# I saw a ....



## riccil0ve (Mar 28, 2009)

We have a lot of coyotes too. It's a bad word in my neck of the woods, haha. Of course, I think they're pretty cool too. I saw one once with all the hair on his tail gone, one of his back legs was probably broken, because he carried it up and didn't put it down. I was so tempted to get a tranquilizer gun and get him to a vet, but I only saw him for a second before he ran away. It was so sad. =[

We have come across deer before. There are two young ones that get real close to the barn, maybe ten feet away from the pasture fence, and Ricci got SOOO excited.
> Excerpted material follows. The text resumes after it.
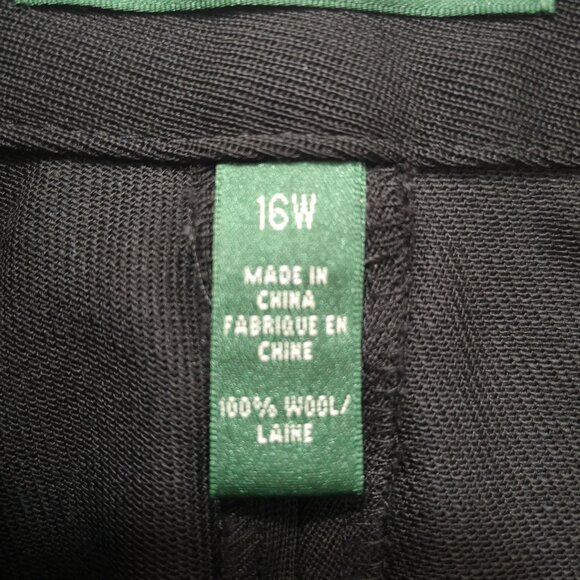 Lauren Ralph Lauren Ladies Size 16W Black Straight Legs 100% Wool Dress Pants - Picture 4 of 12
It was back in the days when she didn't have a pasture buddy, and she kept calling to the deer like they would talk back. She was pretty upset when they ignored her. We've also met the two young ones on the trail. They were on the side eating, Ricci didn't even see them.


----------



## Wallaby (Jul 13, 2008)

That is really sad! 

That's funny that Ricci got happy about the deer, every horse I've ever ridden has always freaked out with a capital F when they saw a deer in the forest. I've never seen one while riding Lacey though, she might be fine if she was fine with a coyote. lol


----------



## riccil0ve (Mar 28, 2009)

I think my horse was just in serious need of a friend. I took her to a horse show once, and she just sat there and tried to talk to every single horse she saw, and if she heard one whinny, she swore they were whinnying at her. And she really did get depressed when she didn't make any friends, it was ridiculous. She has two buddies now though, so it's not as bad.


----------



## Luv 2 Trail (Jun 11, 2009)

Pretty name for a pretty horse!! We have coyotes here, but I've never actually seen one - you do hear them way out in the woods at times, though! We ride in our National Forest Parks and I have never spotted one there, either. You are lucky you got a glimpse! Glad you and Lacey had a fun ride!


----------



## Wallaby (Jul 13, 2008)

Ricci just needs me to come give her hugs and love, then she'll be perfect. Bwahahaha I'm glad you got her friends though, everybody needs those. =D

Aw thanks for the compliment about her name! It suits her scarily well. Especially since I used to know a girl named Lacey (I did not name my Lacey, btw) who was really nice to all her friends but was a b to everyone else and even her friends sometimes. Guess who else is like that? Yup, my Lacey. I guess she was named that in the beginning because when she was born her "flea bitten" spots were much larger and the young daughter of her previous owner thought it looked like someone had wrapped Lacey in lace then spray painted her. Hahaha

I'm envious that you get to ride on National park trails! You'll probably see a coyote one day. I've only ever seen 2 and I've lived out in mostly rural areas my entire life.


----------



## Lonestar22 (May 22, 2009)

I have lost of coyotes stories!!! coyotes are horrible around here. they are a very bad word. Last week my friends step dad let his weiner dogs out tp pee and a coyotes came crashing outta the woods and almost killed her. He had to chase them so he could save her. My dog has puncture wounds in her leg that appear to be either a coyotes or a big cat. they dont match any of our dogs canine teeth. The other night I was outside late with some friends (say 1 in the morning) and coyotes were surounding us. You could hear them howling all around. There was one that was really close! It sounded like it was right behind me. But it was most likely at the pond (less than 50 yards away) and you could hear them in our woods and across the street in the neighbors pasture. It was scary. Once I was riding through some tall grass and was at a lope. My horse shied a little and I looked down to out left right under my foot. The was a coyote! Probably bedding in the grass. He took off and so did I. Another time my dad was mowing and flushed out a coyote. I was on a ex-race horse (chic) and we took off after him. I didnt wanna hurt it, just scare it. Chic was right on his heels. we chased him until the edge of our property.


----------



## Vidaloco (Sep 14, 2007)

We also have coyotes in great number here. Usually if you see them during the day its either early or late in the day. If you see them around noon time they are usually sick. My only problem with them is the holes they dig. They are large and very easy for a horse to step into. Vida has only stepped into one and it was at a walk. It freaked me out but she was OK. 
We saw a bobcat out on the trail a few weeks ago. I have seen them from the car but it was a first for horseback. It was pretty close so we got a good look at it. Very pretty wild animal.


----------



## ChevyPrincess (Aug 27, 2009)

We have TONS of coyotes here. Plus I live by the lake, so the howl all the time. They are actually very small, and nothing to be afraid of. I seen some coyote puppies once and they looked like chihuahuas!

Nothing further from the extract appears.